Originally Posted by Benesesso (Post 55700)
I've had this problem with both of my turbo Supras. I found a radiator shop that built me a couple of 3 row radiators. They helped, but the cars still run hot in the Phoenix summers. I changed the fan in the 1990 to a direct-drive stainless steel flex fan, and that helped, but it's a bit noisy.

In the summer, at ~110+ deg., both cars get up to ~220-230, on accurate gages, and the faster I drive the hotter they get. I run 50% antifreeze to keep the boiling point high. Both cars have good head gaskets.

I am convinced that Toyota screwed up and should have provided for a lot more airflow thru the rad.

Do an ac delete and get rid of the condensor blocking the radiator.

SC: Is this the same mechanic that unplugged your coolant sensor??
If it is. Find a new one or start gearing up to get dirty. Because if this guy didn't know about the sensor. You don't want him near the internals.
This is your car not a guinnea pig.

CyFi6 05-31-2008 01:31 AM

a new engine is going to be just as costly, if not more, and probably will blow a head gasket within a short time if its on the original gasket

Benesesso 05-31-2008 03:09 AM

>"Do an ac delete and get rid of the condensor blocking the radiator."<

Except that I live near Phoenix, and the days may not get below 100+ until October----.

dj7mge 06-01-2008 12:11 AM

rebuild what you have use a stronger gasket and try some water wetter it works really good for about 3months my dad uses it in his drag car dropped his operating temp from 220 to 180-200

JPJ 06-03-2008 03:21 PM

Quote:

Originally Posted by supramacist (Post 59304)
Do an ac delete and get rid of the condensor blocking the radiator.

SC: Is this the same mechanic that unplugged your coolant sensor??
If it is. Find a new one or start gearing up to get dirty. Because if this guy didn't know about the sensor. You don't want him near the internals.
This is your car not a guinnea pig.

Exactly!!!
The fact that your mechanic did this leaves little room for doubting the fact that he is indeed a moron.

supradaddy0803 06-03-2008 07:14 PM

Well as for a new motor you could get a 40k and drop it in but might as well do the head gasket when it is out and then drop it in.

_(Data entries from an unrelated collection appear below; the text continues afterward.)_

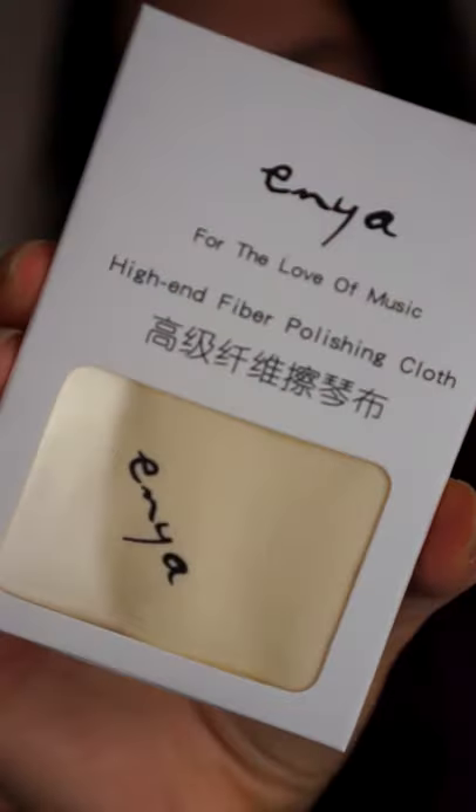In the accessories included, we have a finger shaker that you put on while you strum, replacement strings — because we all pop a string at least; that's the one I always pop — two different picks in two different hardness and thickness levels, and a cleaning cloth. The one I use the most is the clip-on tuner.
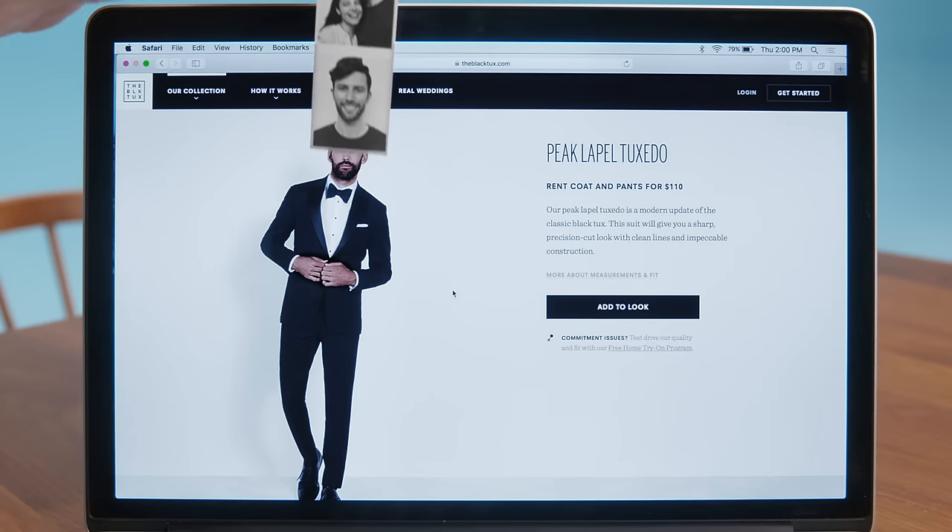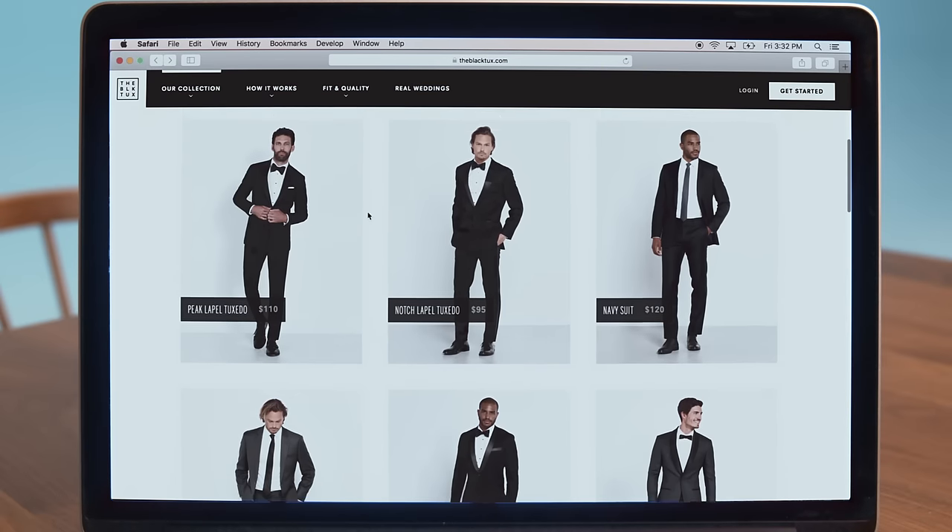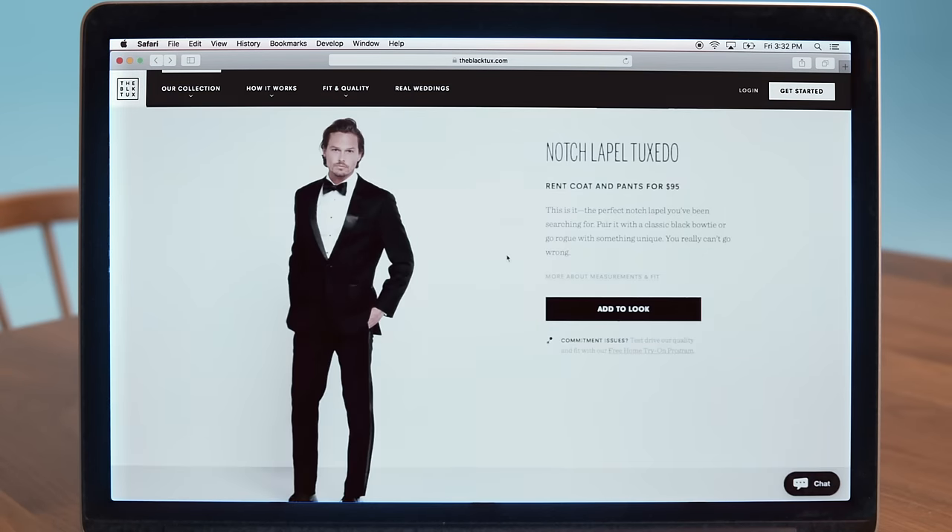Listen, we get that ordering a suit online can seem a little risky. That's why we have a free home try-on program. First, pick your favorite suit or tux. With so many good options, it might be hard to choose.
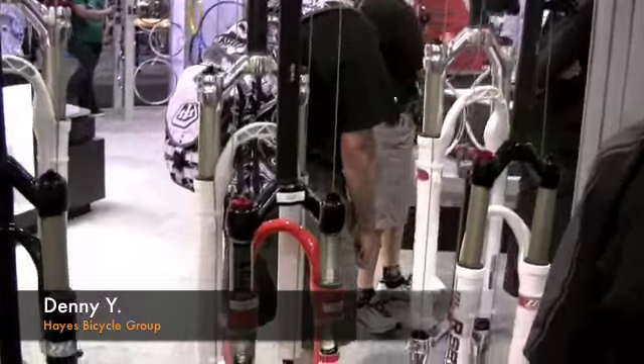Hi, I'm Denny Young, Marketing Manager with the Hayes Bicycle Group, and next to me here is the 2010 Manitou R7.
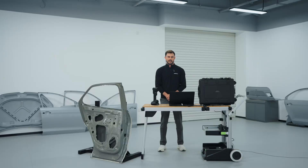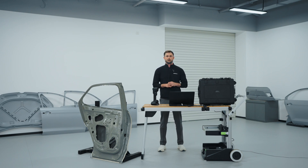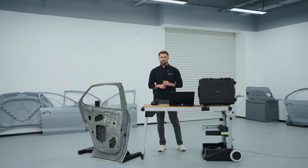Hi, this is Josh with Shining3D, and I'm here to proudly introduce the new FreeScan UE Pro 2. The FreeScan UE Pro 2, building upon the strengths of the FreeScan UE series, introduces a pioneering wireless module that significantly boosts flexibility and portability.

Other than that you could just upgrade like I did and get rid of the head gasket issues all together. But seeing as your having a mechanic do your work then I would say a upgrade would be out of the question seeing as the labor itself would kill you. But as for motors you can get a 40k 7mgte for like 700 bucks so I dont see how that is a ton more money. Plus look around you there might be a person from here that would be willing to help you do your HG and save you some money.

Benesesso 06-04-2008 02:23 PM

>"Other than that you could just upgrade like I did and get rid of the head gasket issues all together."<

How is it different?

supramacist 06-05-2008 12:49 AM

It depends on the engine you upgrade to.

For instance a 2jzge. Is 215/ 220hp And has zero hg issues.

I'm not sure even with ARP studs and an HKS stopper mhg solves the issue.
Only time will tell.

And ya. If you aren't your cars mechanic. It'll cost a buttload to have done.

Even if you get a 700$ 7m series engine of higher caliber. It's still not smart to try and plug and play.
Simply put. It's a gamble.

Benesesso 06-05-2008 03:46 PM

What I was looking for is how Toyota solved the BHG problem--e.g., more head bolts, "O"-ringed heads/block, just higher bolt torque, etc.

supramacist 06-05-2008 04:57 PM

They corrected the issues with the 7m series in the 2j series.

Benesesso 06-05-2008 05:47 PM

OK, but HOW? Anyone know just what they did?

supramacist 06-05-2008 06:38 PM

I Don't have absolutes so I don't want to tell you something that isn't entirely true.

I have'nt researched the 2j series that deeply for anything other than how to put it into my mkIII.